A software development methodology is a formal approach that is used to create software projects. The success of a project is highly dependent on its software development methodology. To manage a project efficiently, the team lead or manager has to go over the different development strategies and decide which one is the best for a specific project. Each of these methodologies comes with its pros and cons. Here is a look at some of the most common software development methodologies.
Waterfall model is among the early software methodologies. It was released in a paper in 1970. This model is based upon a sequential and step-by-step approach, like a real-world example of a waterfall (hence the name).
To begin, meetings are arranged with the client to record the requirements of the project. These requirements are then analyzed and finalized in the form of SRS (software requirement specification).
In this phase, an analysis of the system is run to create the required models and logic which will be needed to create the system.
This stage includes a design specification that contains the outline of technical implementation.
This stage includes the actual development or coding and uses the design phase to generate a workable product.
This stage goes through different testing types (like unit testing, integration testing) to see if there is any bug or issue which requires any changes.
This stage includes the deployment of the system to the client. All the future maintenance and updates also come in this phase.
The Agile software methodology is practical and follows the real-world model. It is mainly focused on results and people while covering self-organization, adaptive planning, and lower time intervals for deliverance. Agile uses tools like Extreme Programming and Scrum to target constant changes for enhancements.
To understand why Agile received so much traction, we have to revisit the Waterfall methodology. The architecture to sequentially plan, design, implement, and execute other stages may seem suitable to produce buildings and cars, however, it does not work well with IT solutions. With continuous changes in variables like competition, demand, and hardware, agile finds a delicate balance.
What makes Agile effective is that unlike other methodologies, you do not have to work on a process for months, only to find out that an error in an early phase has rendered your efforts useless. Instead, as it is focused on people, therefore it depends on employees based on trust and encourages team members to communicate with clients in order to comprehend the requirements and formulate solutions with an incremental and speedy approach.

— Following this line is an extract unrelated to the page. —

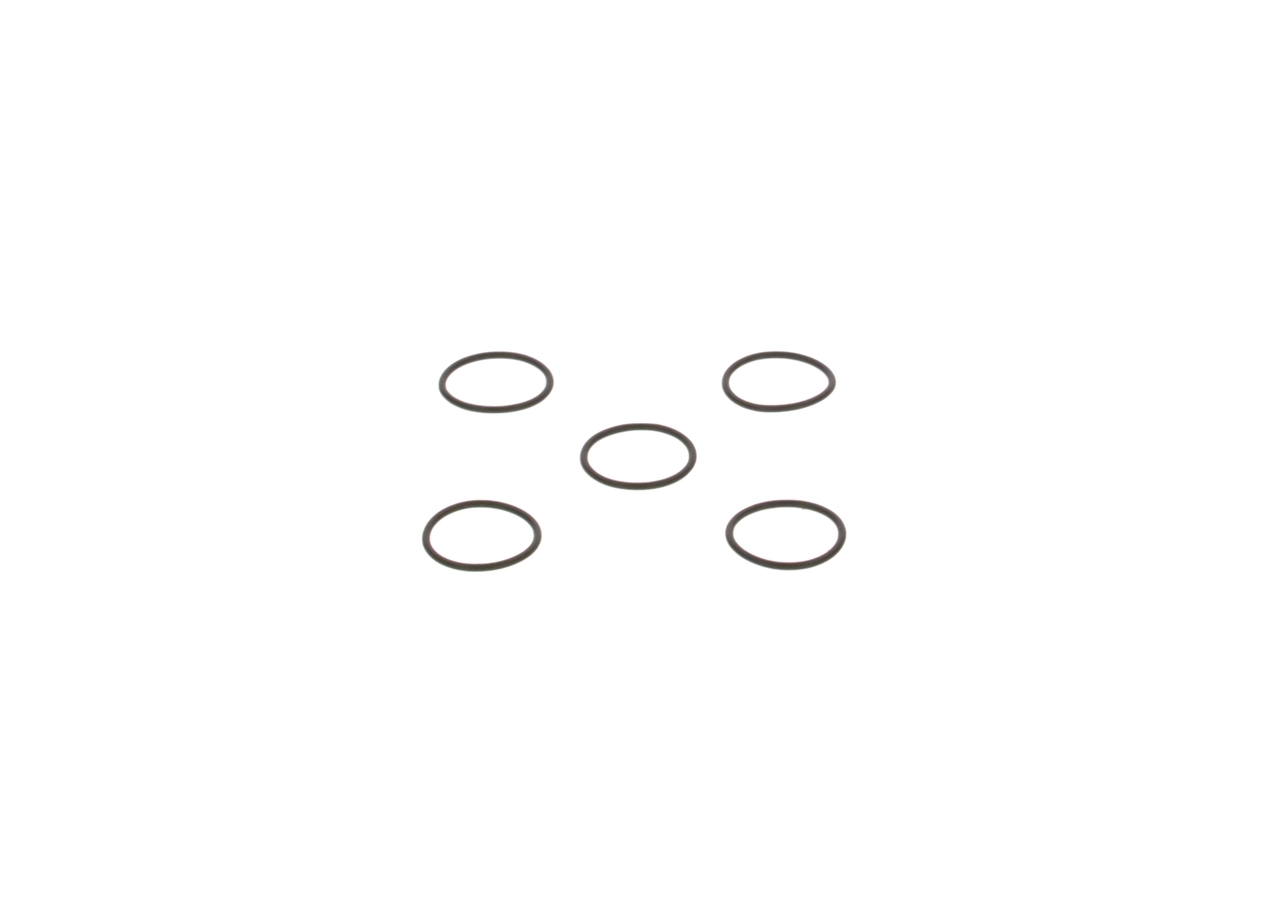 2440210026 Bosch Uszczelka pompy paliwa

Examples of Agile include Dynamic Systems Development, Crystal, eXtreme Development (XP), Feature Driven Development (FDD), etc.
Rapid Application Development
As opposed to other methodologies which are based on the analysis and recording of requirements along with strict planning, RAD is focused on the feedback from the user and the actual working software. Hence, it can be said that the RAD model is all about action coupled with extensive testing. To understand the RAD model, consider the following steps.

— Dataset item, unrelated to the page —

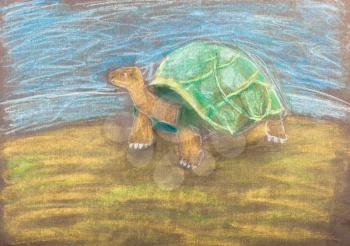 children drawing - turtle by dry pastel on brown paper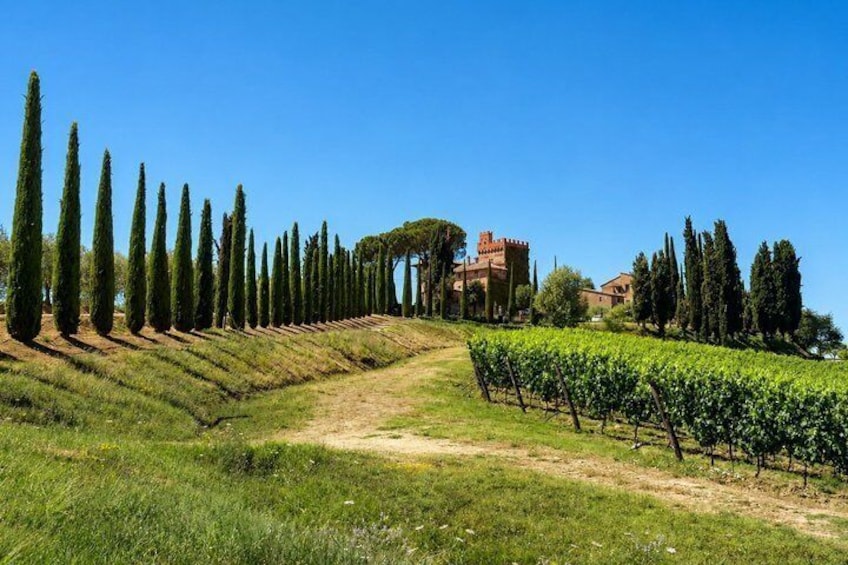 Lake Trasimeno eBike virtual-guided tour 3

Software solutions are created in order to deliver a goal or objective. At the very beginning, RAD attempts to analyze this goal which the software is expected to provide or offer to its user. All the team members like designers, programmers, users meet either face-to-face or via a conference call and hold a discussion over the software which is to be developed and tested. This is followed by an estimated timeline for the project which fits the budget.

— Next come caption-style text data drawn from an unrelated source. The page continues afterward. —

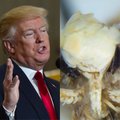 Teadlane avastas kuldsete juuste ja pisike suguelundiga ööliblika ning andis talle Donald Trumpi nime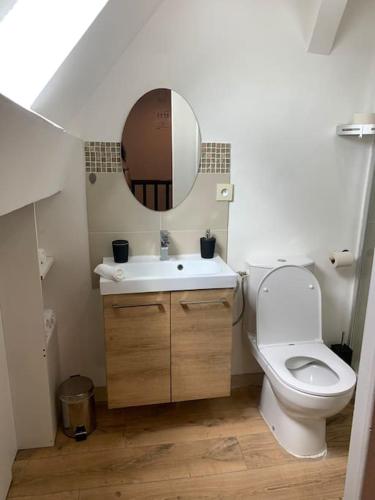 a bathroom with a toilet and a sink and a mirror at Duplex très charmant in Melun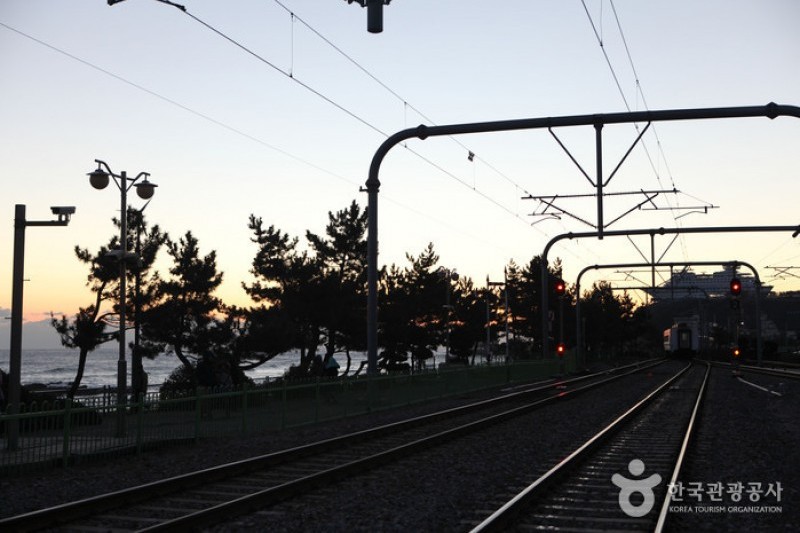 Jeongdongjin Sunrise Park  (2/21)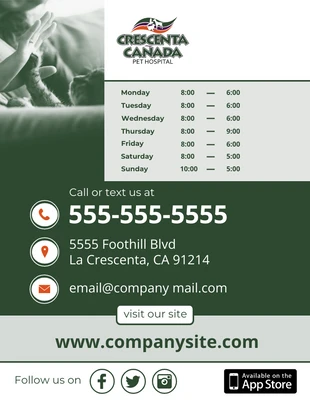 business  Template: Flyer Contact Information Template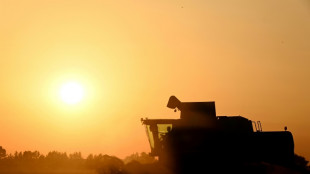 Agriculture: la loi Duplomb-Menonville entrevoit le bout du tunnel parlementaire, sans éteindre la controverse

As the name of the model suggests, it emphasizes the creation of functional models right from the start. After the deadline, budget, and requirements are calculated and agreed upon, developers begin to build a prototype.
RAD promotes ongoing communication and cooperation between the users and the team for the development of robust software. Users offer constant feedback on different modules of the system so the team can modify and enhance the prototypes, resulting in the production of high-quality completed software.
The above steps are repeated continuously until the software is fully completed and conforms to the requirements of the client.
Before the project is completed, the software goes through intensive testing. It is tested with different use cases to ensure that each component works properly—both as standalone and as a combined unit—to execute the requirements and objectives of the software. Other than the testing by the team, user testing is also an important part.
The spiral methodology takes inspiration from the iterative model while it also borrows the control and systematic approach of the waterfall methodology. Hence, it is a mixture of linear and iterative approach with an increased focus on risk analysis. This model facilitates releases of the product which are incremental in nature. It is divided into four phases. When software uses the spiral model, it goes through the following phases while using an iterative approach which is known as spirals.
Like other methodologies, the model begins with the collection of business requirements that are needed for the baseline spiral. While the system progresses in the following spirals, identifying unit requirements, system requirements, and subsystem requirements are the parts of this phase.
It begins with the conceptual design in the baseline spiral. This phase includes physical, logical, architectural, and the final design of the system.
When the actual software product is created at each spiral, the Construct phase is responsible to look over it. To receive customer feedback, a Proof of Concept is created. To do this, the product is conceptualized in the baseline spiral while the design is created accordingly.
Afterward the build (a software’s working model) is generated along with its version number. Clients get this build to review and provide feedback.
The management risks and technical feasibility is identified, estimated, and monitored at this stage. For instance, it can include cost overrun and schedule slippage.